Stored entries
----

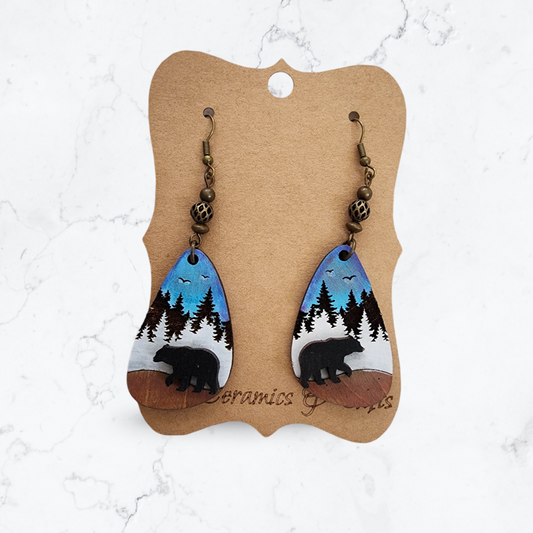 Black Bear Earrings w/ Triple Beads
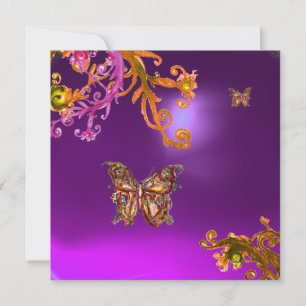GOLDSCHMETTERLING IN LILA GELBEN BLUMENRANKEN EINLADUNG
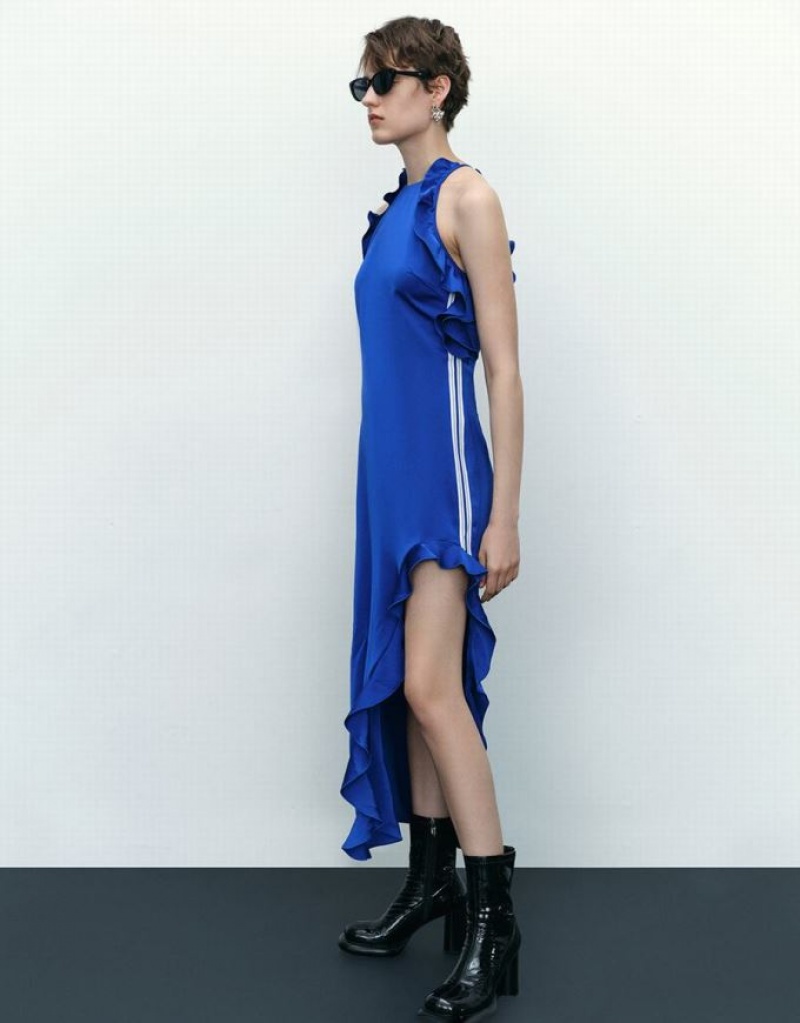 Blue Urban Revivo Ruffle Hem Sleeveless Skinny-Fit Women's Dress | QFXBUN-509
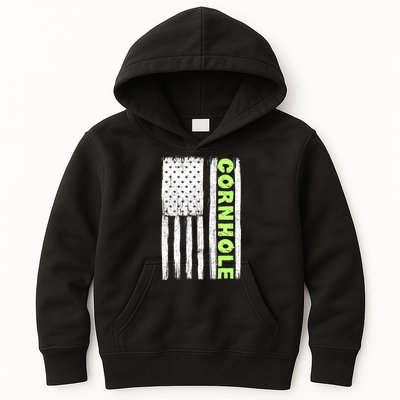 Cornhole Us Flag Kids Hoodie
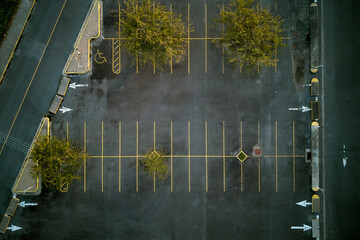 aerial photo empty car park in autumn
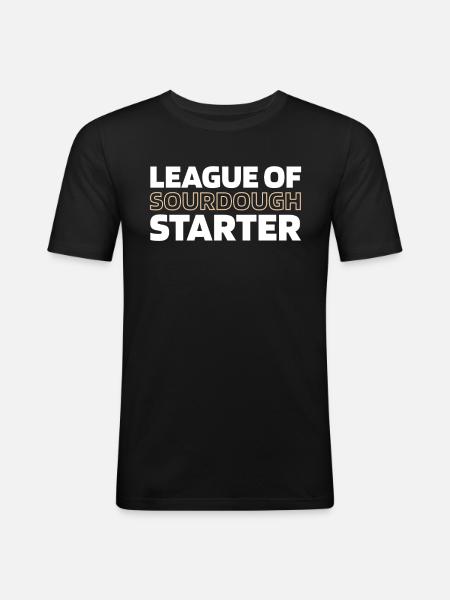 Sauerteig Brot - Männer Slim Fit T-Shirt - Schwarz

----

--- Task directions ---
Each record above must be retyped exactly, minus its pictures.

--- Solved exercise ---
 Black Bear Earrings w/ Triple Beads
GOLDSCHMETTERLING IN LILA GELBEN BLUMENRANKEN EINLADUNG
 Blue Urban Revivo Ruffle Hem Sleeveless Skinny-Fit Women's Dress | QFXBUN-509
 Cornhole Us Flag Kids Hoodie
 aerial photo empty car park in autumn
 Sauerteig Brot - Männer Slim Fit T-Shirt - Schwarz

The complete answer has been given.